INFORMATION SUPPLIED:
________________

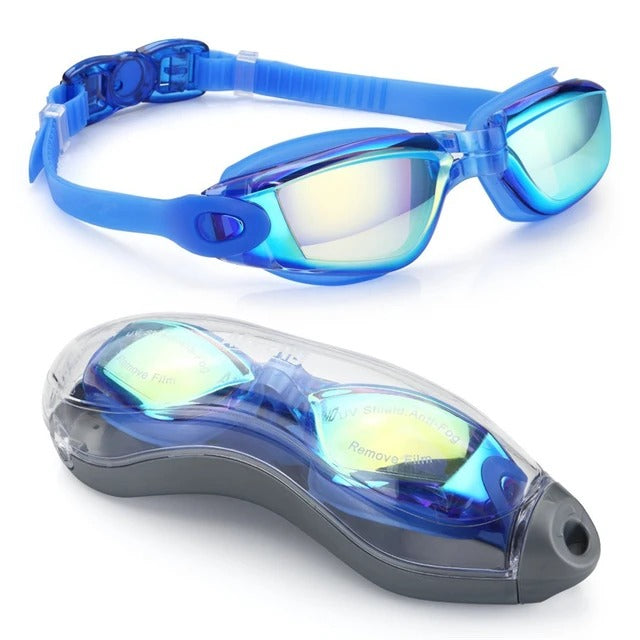 Lunettes de Piscine - Natation Anti-UV et Anti-buée avec Bouchons d'Oreille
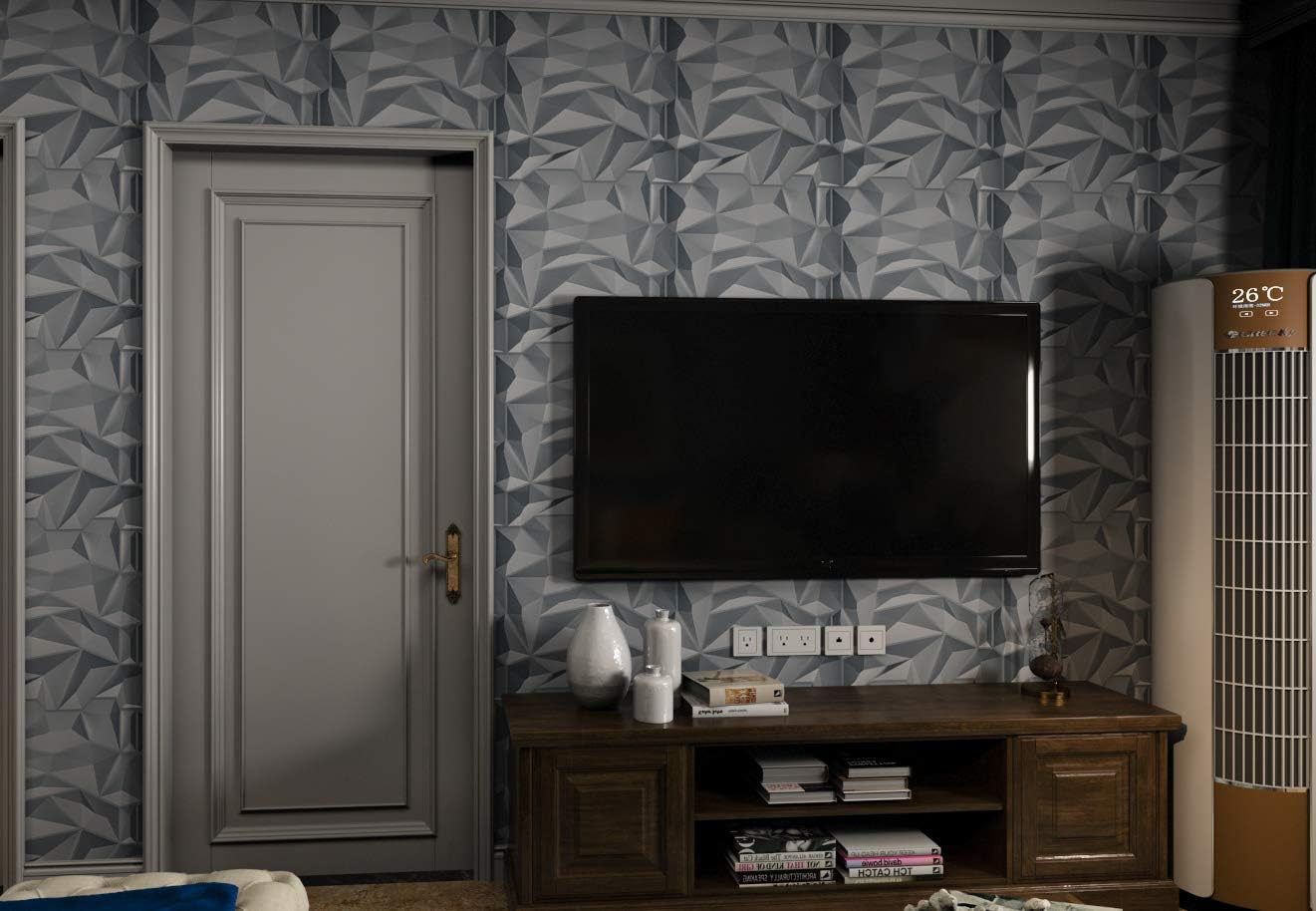 Art3d Decorative 3D Wall Panels 19.7" x 19.7" (Pack of 12), Wall Panels for Home, Office, Coffee Shop, Gray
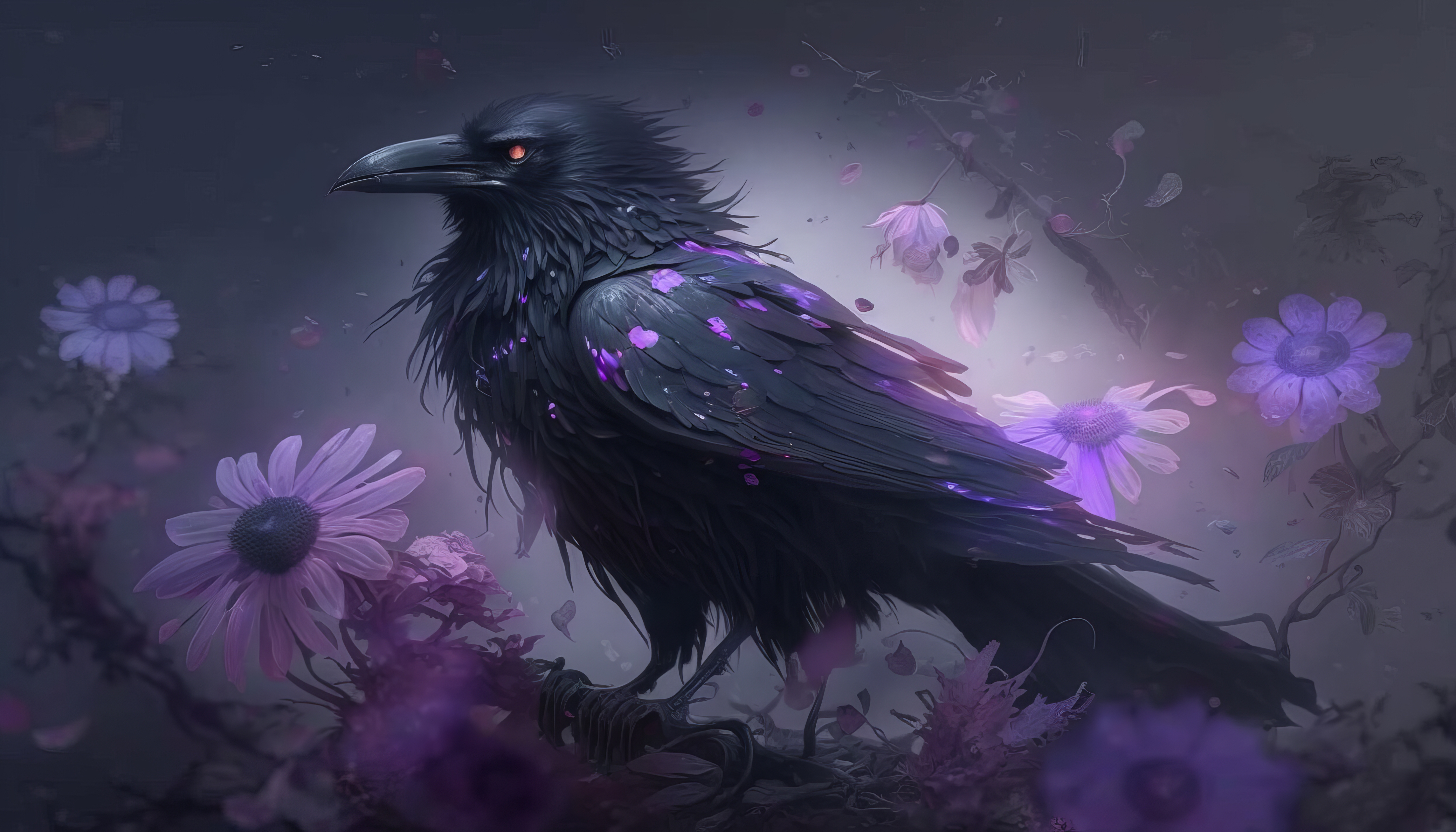 经典艺术 插图 鸟类 动物 乌鸦 紫色 花 花瓣 高清壁纸 4579×2616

________________

Without the pictures, write out all of the material exactly.

EXERCISE RESULT:
 Lunettes de Piscine - Natation Anti-UV et Anti-buée avec Bouchons d'Oreille
 Art3d Decorative 3D Wall Panels 19.7" x 19.7" (Pack of 12), Wall Panels for Home, Office, Coffee Shop, Gray
 经典艺术 插图 鸟类 动物 乌鸦 紫色 花 花瓣 高清壁纸 4579×2616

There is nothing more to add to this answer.